Cuentan que Charles Maurice de Talleyrand, ministro de Exteriores de Napoleón Bonaparte, advirtió al emperador: “Señor, las bayonetas sirven para muchas cosas, menos para gobernar sentado sobre ellas.” Sebastián Piñera, presidente de Chile, debería conocer la anécdota.

Un liberal consecuente y un demócrata militante, nunca llamaría a los militares para que, al amparo del Estado de excepción, se hagan cargo de reducir a jovencitos que protestan y a los mayores que los apoyan. Otorgar al ejército la custodia del orden público, de hecho, los habilita para reprimir y mediante toques de queda encerrar a las personas en sus casas.

En Chile, el país que ha vivido la más reciente y cruenta experiencia de una dictadura militar, nunca debió ocurrir. El fantasma de Pinochet, debería haber impresionado al presidente más que las movilizaciones populares.

En casi todos los países latinoamericanos, circunstancialmente los militares se han apoderado del gobierno en detrimento de las instituciones civiles; en esta ocasión, un presidente civil, electo y en posesión de todas las prerrogativas constitucionales de su cargo, se los ha entregado gratuitamente. La excusa de que es algo temporal recuerda a quien reivindica la virginidad alegando que la penetración no fue total.

En América Latina, donde a lo largo de doscientos años los golpes de Estado han sido una acción política común y los ejércitos han desempeñado el papel que corresponde a los partidos políticos, los militares se han adueñado del poder con los más diversos pretextos y es muy socorrida la excusa de que se trata de mediar en la lucha entre facciones, presentando a los uniformados como una entidad neutralmente impoluta.

El caso de Chile y del golpe de Estado protagonizado por Augusto Pinochet contra el gobierno legítimo de Salvador Allende y que mantuvo a la elite militar en el poder por 17 largos años, fue de naturaleza típicamente ideológica. De lo que se trataba entonces era de, en connivencia con la oligarquía nativa y el imperialismo estadounidense, en nombre del anticomunismo, liquidar un gobierno de inspiración socialista y matriz genuinamente popular.
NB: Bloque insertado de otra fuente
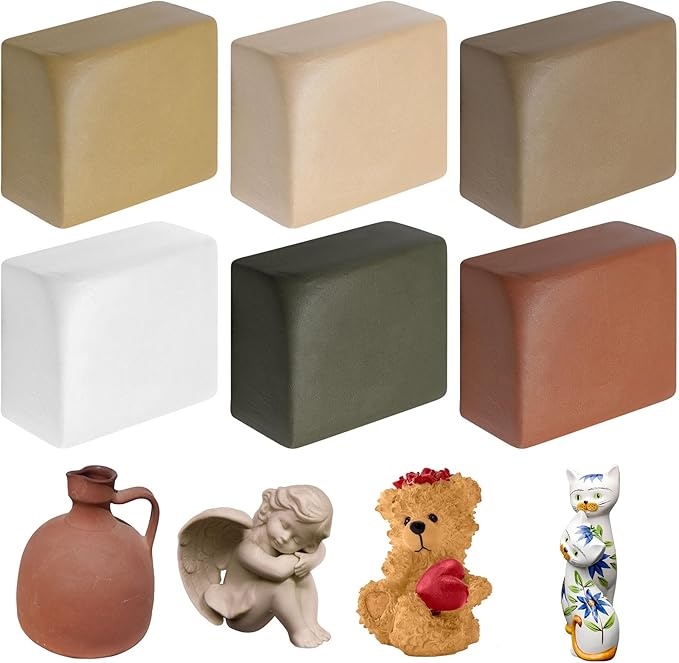 Landical 6 Pack Air Dry Clay 6 lbs Self Hardening Pottery Clay Porcelain All Purpose Natural Modeling for Adults Kids Beginners Advanced Sculptors DIY Crafts Art, 6 Colors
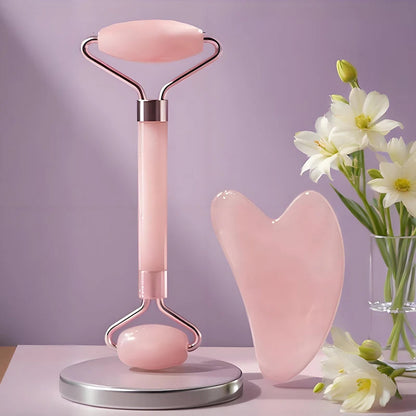 Pink Resin Facial Massage Roller & Gua Sha Skincare Tool Set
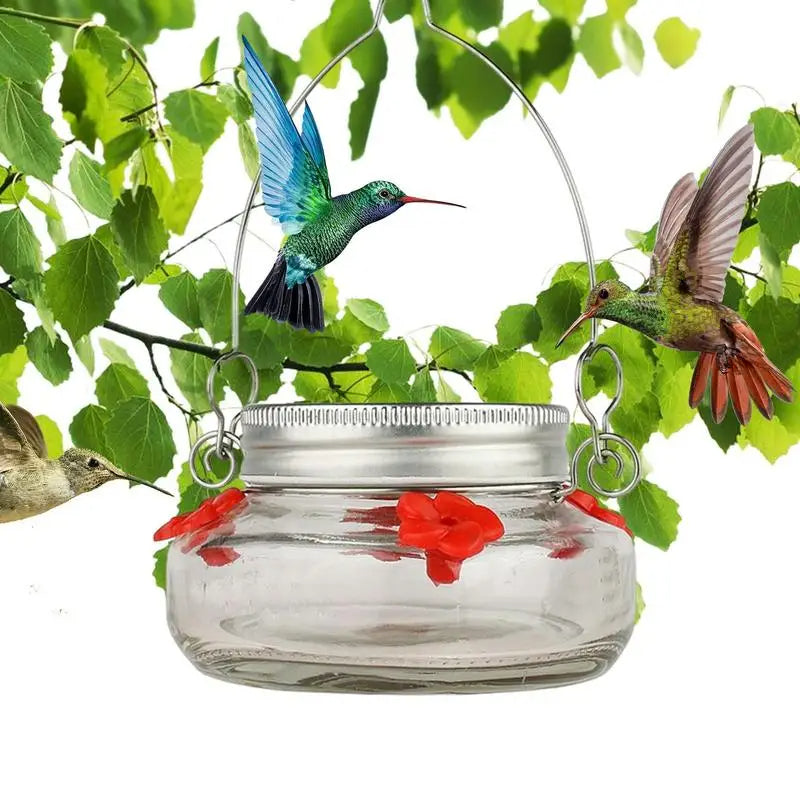 Colorful Glass Hanging Bird Feeder - Befez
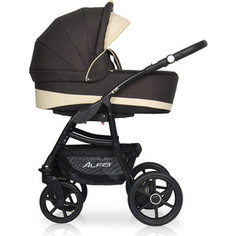 Коляска 2 в 1 Riko Basic ALFA Ecco 08 коричневый-бежевый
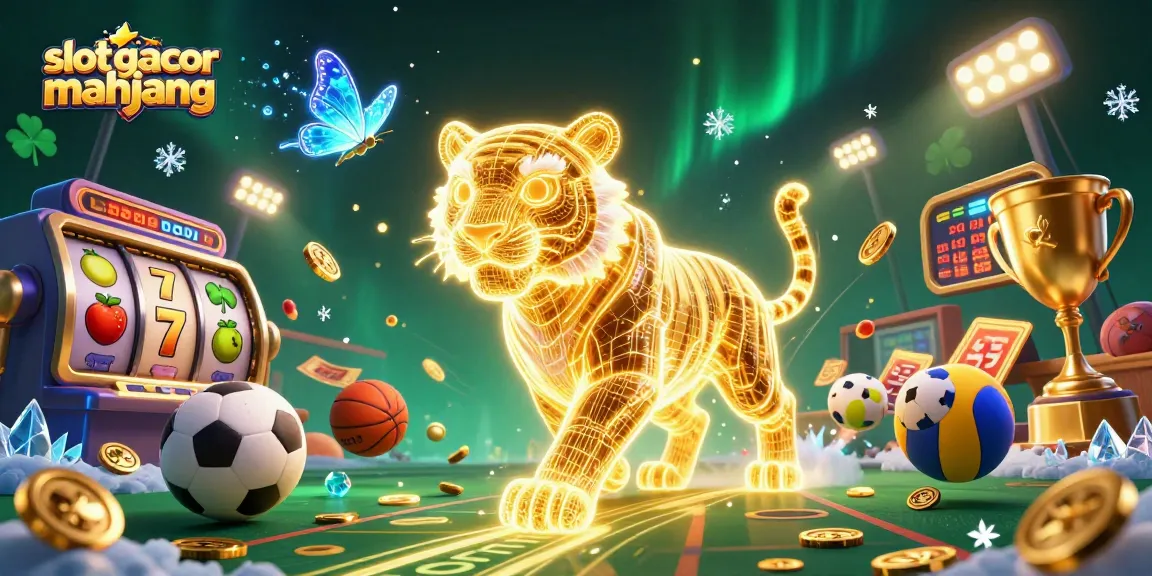 Win big with slot gacor mahjong in this vibrant digital casino illustration showcasing interactive gaming elements.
La primera medida que suelen adoptar los militares golpistas es decretar el “Estado de emergencia” como parte del cual se suspenden las garantías constitucionales lo cual, de oficio, implica la prohibición de las manifestaciones, el establecimiento de la censura y por lo general alguna moratoria en el funcionamiento de los parlamentos.

Los militares de hoy no tuvieron que acudir a esos extremos porque Piñera les hizo el trabajo sucio. Los llamó para que salieran de los cuarteles, les desató las manos al decretar el Estado de emergencia y les permitió declarar toque de queda en urbes de la magnificencia de Santiago de Chile y Valparaíso.

Los chilenos, a quienes les tomó diecisiete años desplazar del poder a Augusto Pinochet y reducir a los militares a la autoridad del poder civil, contemplan atónitos cómo Sebastián Piñera retrotrae al país a las más amargas experiencias.

En América Latina, cuando los militares dan un golpe de estado, disuelven las instituciones, en Chile el presidente Sebastián Piñera ha pretendido disolver al pueblo para entregarle el poder a los militares. Abrir la puerta de la jaula es fácil, lo difícil es volver a encerrar a los gorriones.